Rossetti, a reputed capo in the New England Mafia, was arrested at his East Boston home Thursday with three other men, charged with trafficking roughly 150 grams of heroin.
But prosecutors allege that Rossetti’s role went beyond drug dealer: As a leading figure in what is left of the mob, Rossetti allegedly served as a facilitator, a protector of drug dealers and drug buyers.
“He is the one who puts it all together,’’ First Assistant Essex District Attorney John Dawley said yesterday.
Dawley added that “his role as capo gives him certain prominence in certain criminal circles, drug dealers being one of them.’’
Rossetti, looking weak and slumping over as he appeared in Lynn District Court, shackled to his codefendants, pleaded not guilty to charges of trafficking heroin and conspiracy to violate drug laws. He was ordered held on $250,000 cash bail, and the case was continued to June 22.
His codefendants also pleaded not guilty to the trafficking heroin and conspiracy charges: Robert Ciampi, 49, of East Boston, was ordered held on $100,000 cash bail; Juan Valdez, 22, of Lynn, was ordered held on $50,000 cash bail; and Henderson Martinez, 21, of Boston, was ordered held on $10,000 cash bail.

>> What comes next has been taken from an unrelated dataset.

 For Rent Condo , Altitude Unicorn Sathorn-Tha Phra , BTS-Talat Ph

According to Dawley and court records, the four men were identified in a sophisticated undercover operation by State and local police making up an Essex County Drug Task Force. The operation began about two months ago after undercover officers bought drugs from a criminal enterprise Valdez ran on the North Shore, Dawley said.

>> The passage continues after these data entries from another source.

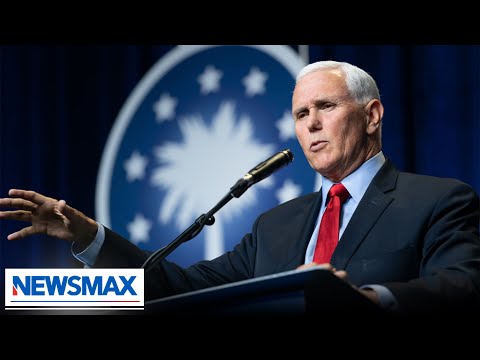 Read more about the article Former Vice President Mike Pence delivers remarks on Supreme Court abortion case – 11/30/21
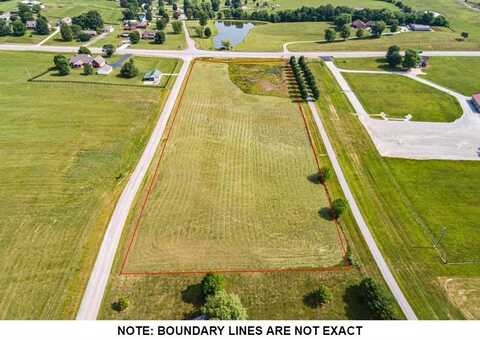 0 Deer Run Road, Lebanon, KY 40033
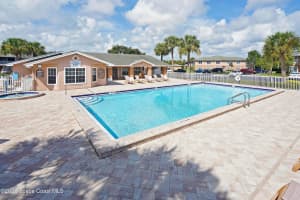 1790 Rocky Wood Circle, Rockledge, FL 32955 - MLS#1059355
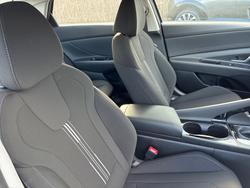 2025 Hyundai i30 Elite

The ensuing investigation, with electronic surveillance, also led to East Boston and to Rossetti and Ciampi, Dawley said. He said detectives discovered a significant drug-dealing operation, with Valdez selling drugs to people including Ciampi, who would in turn sell them in his own community.
“We saw it every single day, multiple times a day, multiple customers,’’ Dawley said.
Detectives obtained what is known as an anticipatory warrant, because it was based on the expectation of a drug deal. Authorities were only allowed to execute the warrant if three factors played out: Valdez would drive from Lynn straight to Rossetti’s house, Ciampi would be there, and Rossetti would be there.
And it happened as expected Thursday afternoon, Dawley said.
Police surrounded Rossetti’s home after Valdez and Martinez arrived. In a hidden compartment in the car, they allegedly found 142 grams of heroin. Ciampi and Rossetti were in the home and were arrested.
A subsequent search of two homes in Lynn discovered another 10 grams of heroin, $27,000 in cash, and a loaded handgun, Dawley said. He would not say at which home detectives found the evidence.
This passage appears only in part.